How sad it is that many professing Christians do not test what they hear from the pulpit against God’s Word. Perhaps the attitude is, “He’s the Pastor, he must know what he’s talking about.” Or, “He’s the Pastor, I’m sure he’s done much studying about this topic.” But what if he’s wrong? How will we know if he is preaching contrary to the Word of God if we don’t know the Word of God well enough to detect truth or error?
God is very serious about how we handle His Word, (2Timothy 2:15). The Bible is not a toy to play around with, (2Cor. 4:2). It is the very Word of the Living God. God the Holy Spirit wrote it. Why then don’t we take the time to study it?

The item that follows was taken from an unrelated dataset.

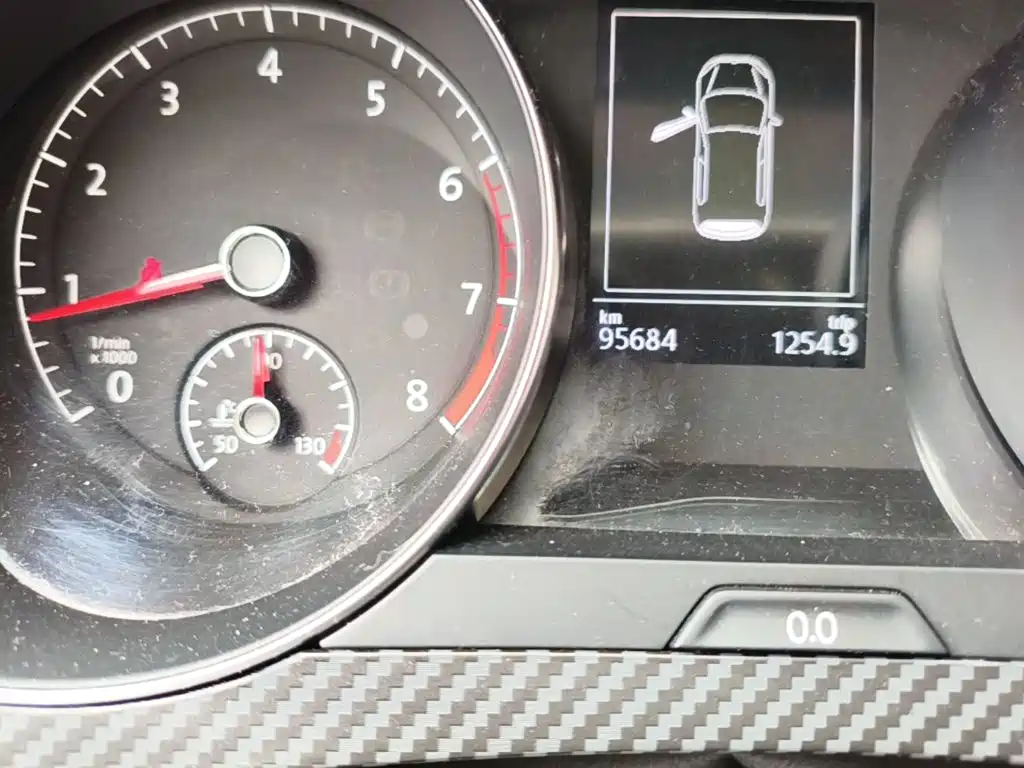Volkswagen Golf Sportsvan — миниатюра 17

If in order to get a particular job that you were applying for, a job that you have wanted for a long time, and you had to study and know the ins and outs of the company hand book, wouldn’t you study it every time you got the chance? Yes you would, otherwise you would fail the test and not even be considered for the job. So then how can the Word of God, the very book that speaks of how you relate to Him, and how your eternal soul will be saved, a book that speaks of how to know the eternal, holy, and righteous God of the universe, the One who created you and everything you lay your eyes on, a book that shows us the only way of redemption be so neglected? Perhaps it’s because at best we’ve become lazy, and at worst we just don’t care, which could mean we don’t really know Him.

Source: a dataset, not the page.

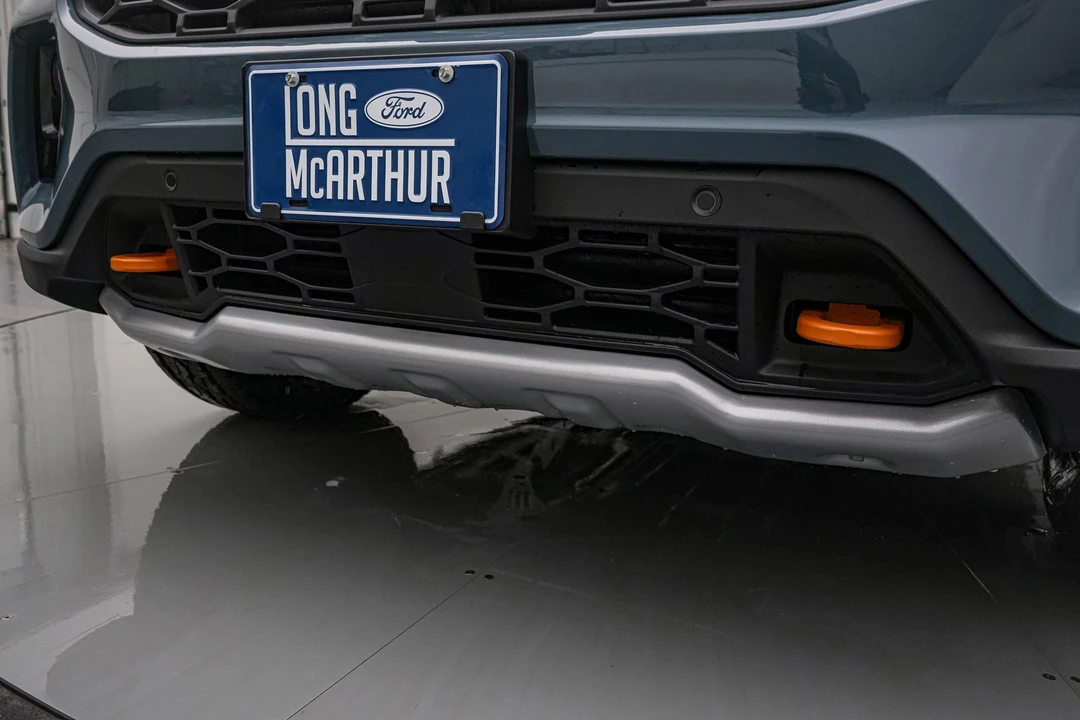 2026 Ford Explorer 6th Gen - Image 14 of 21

The Bible is the book that God has written in order to reveal Himself to man (2Timothy 3:16; 2Peter1:20). It is our job as Christians to know this book well enough to be able to detect truth from error. It is the job of the Pastor to feed his flock truth. And it is the flock’s responsibility to test by Scripture what is being said from the pulpit. The way to do this is to study scripture not in small chunks, but in its context
First, make it a goal to read the Bible all the way through. Some people like to switch back and forth from the Old Testament to the New, reading a book in the Old, and then a book in the New. Others like to work their way through the Bible from cover to cover. What I have found very helpful is repetitious reading. I choose a New Testament book I want to study (usually a small Epistle, such as James or 1John) and I read it over and over. The smaller Epistles have anywhere from four to six chapters and can be read in one sitting. Reading a small Epistle for thirty days will give you a good grasp on what the author wanted to convey. When studying larger New Testament books like the Gospels, or Romans, I like to split the book up into sections and read anywhere five or six chapters a day. For example, Romans has sixteen chapters. I read chapters 1-5 for a few weeks, and then move to 6-10, then 11-16. These are my study habits. You may find something that works better for you.
Whatever that may be, the point is that we need to know the Word of God so well that when we come across a counterfeit message (and we will) we’ll be able to spot it immediately. I hope that this article has been encouraging and in spires you to study and treasure the scriptures.